Does anyone have experience with  the Candlemakers Store, in Ohio? They appear to be a big wholesale, manufacturer of fragrances and candle / soap ingredients. They mostly focus on candlemaking but say that all their fragrance oils are skin safe, safe to use in HP and CP and MP soaps, as well as other bath products. They do have a huge selection. They also claim that their oils are more concentrated than many for sale elsewhere. Any opinions and reviews to share?

http://thecandlemakersstore.com/


----------



## new12soap (Oct 23, 2014)

I have ordered from them.
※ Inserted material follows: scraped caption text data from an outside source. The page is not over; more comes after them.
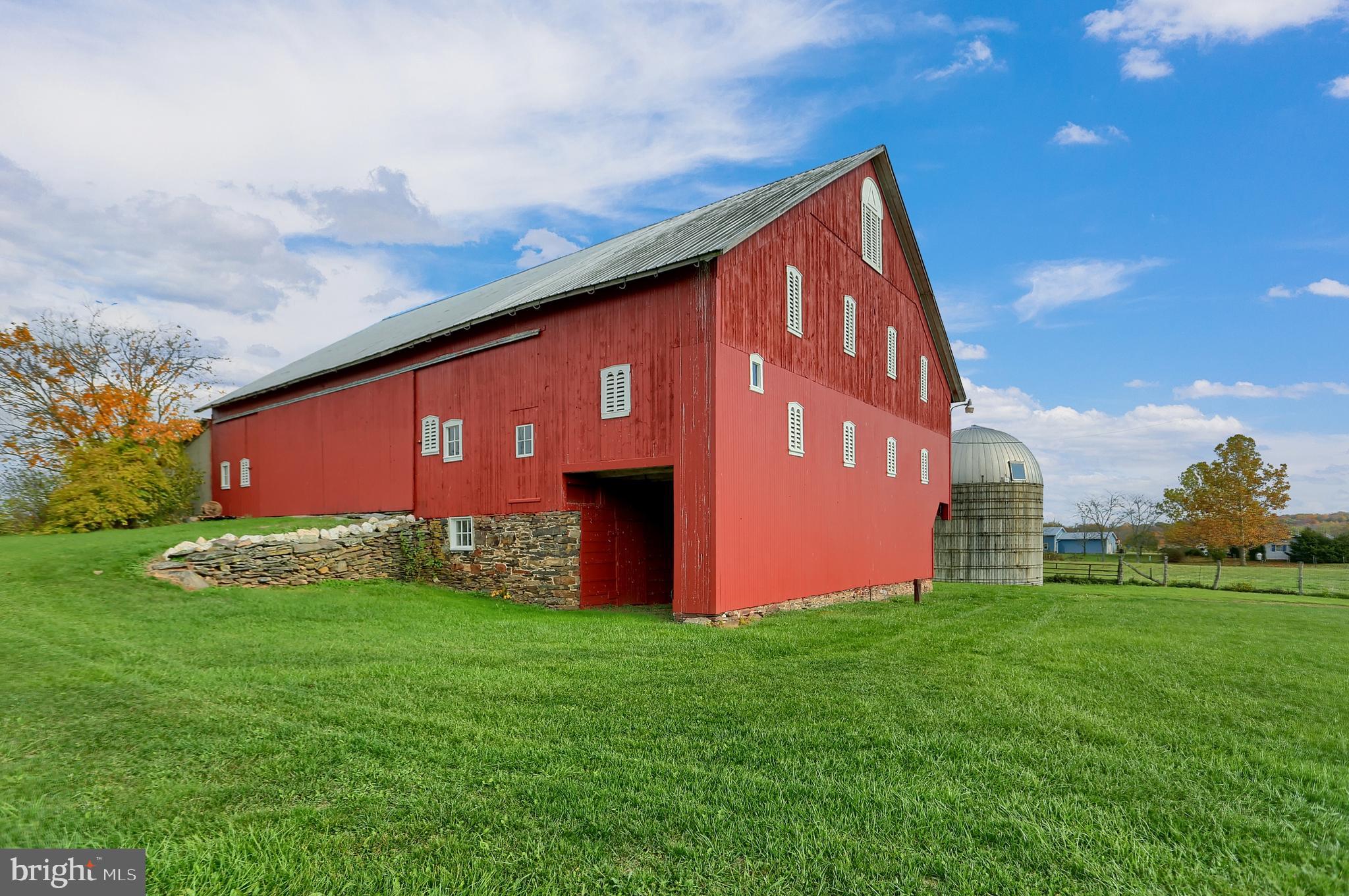 255 Winding Brook Road Biglerville, PA 17307 - Photo 3 of 54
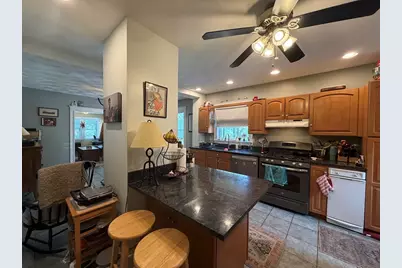 23 Derby Rd #1, Watertown, MA 02472 - Photo 4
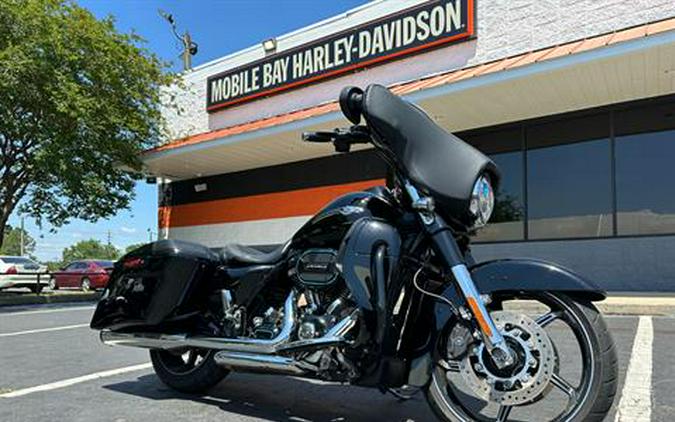 2016 Harley-Davidson CVO™ Street Glide®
Got my order, exactly right, in good time. The ones I have used performed well, if a bit light. In fact, I need to reorder some faves.

They do have a huge selection. My only issue is that on many of them with odd non-obvious names, you have NO idea what they are because they don't provide any descriptions. They don't want to steer or influence the perception... 'k.

I do not find any of their scents to be stronger than elsewhere, as I said they are somewhat light to me. However, I do HP almost exclusively and fragrance at around 3%, so I am sure I could easily go a little higher.

As I also mentioned, I need to reorder, so I will use them again. I say they are worth a shot.


----------